* [Task instructions] Word for word, set down every line of the entries below from the line with "Resim Goldsun SUPRA" to the line with "Promare Lio's Fire Sticker", including both, and no other line.

* [Available data]
--------------------

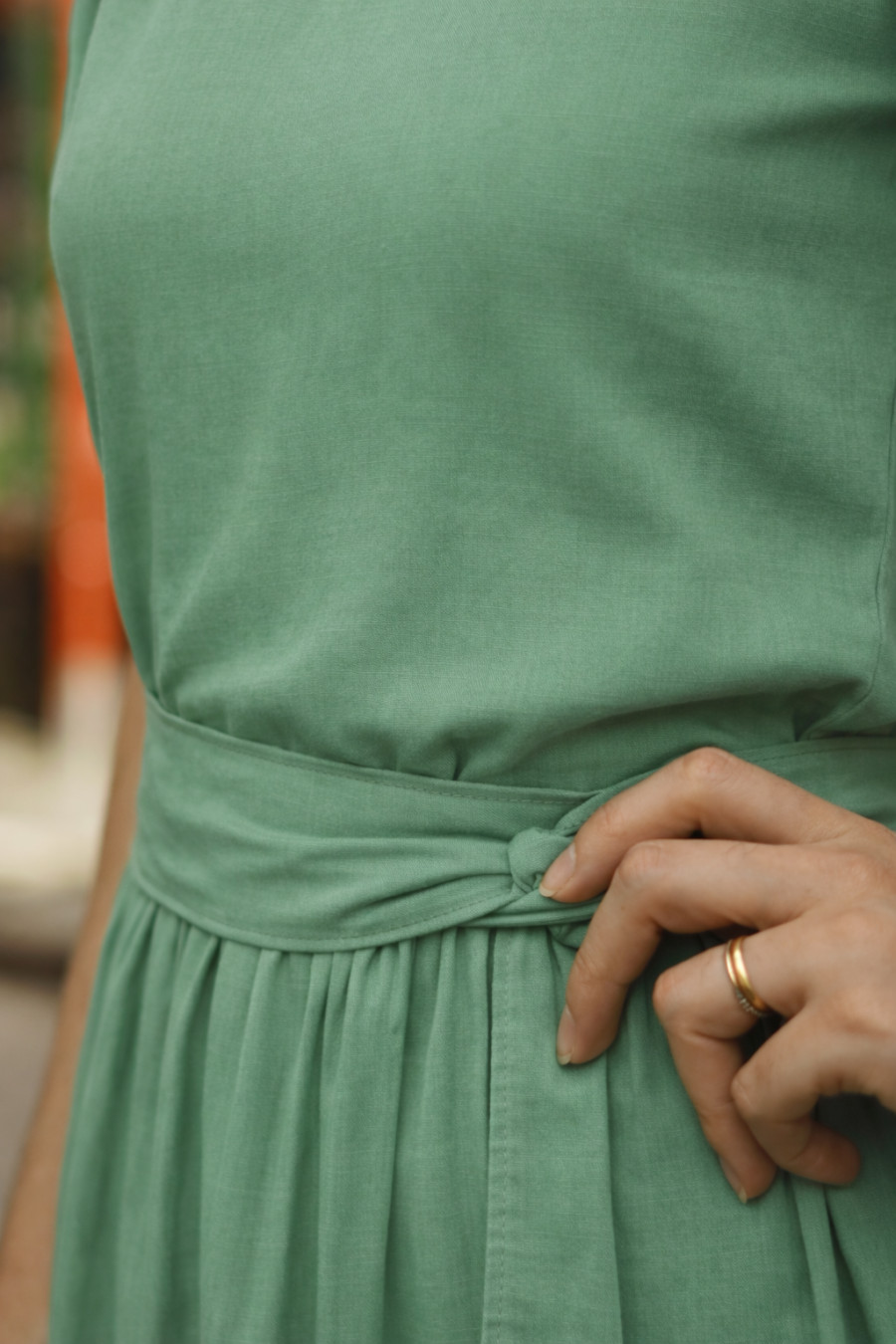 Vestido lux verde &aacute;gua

--------------------

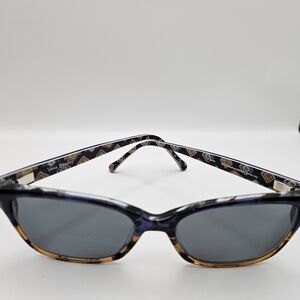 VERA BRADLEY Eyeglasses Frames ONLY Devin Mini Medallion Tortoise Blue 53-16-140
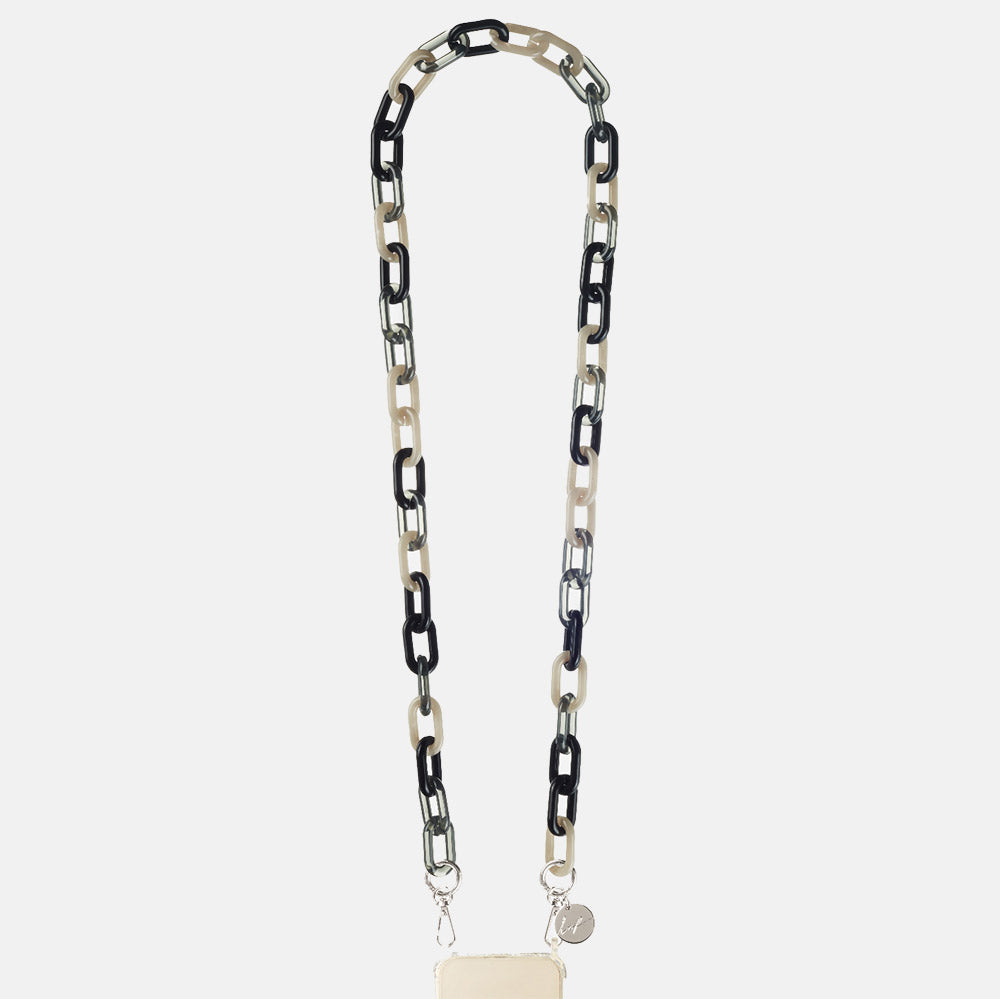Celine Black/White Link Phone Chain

--------------------

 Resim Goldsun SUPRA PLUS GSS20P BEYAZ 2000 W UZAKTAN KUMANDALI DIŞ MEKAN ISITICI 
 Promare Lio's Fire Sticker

--------------------

* [Answer space]
 Resim Goldsun SUPRA PLUS GSS20P BEYAZ 2000 W UZAKTAN KUMANDALI DIŞ MEKAN ISITICI 
 Promare Lio's Fire Sticker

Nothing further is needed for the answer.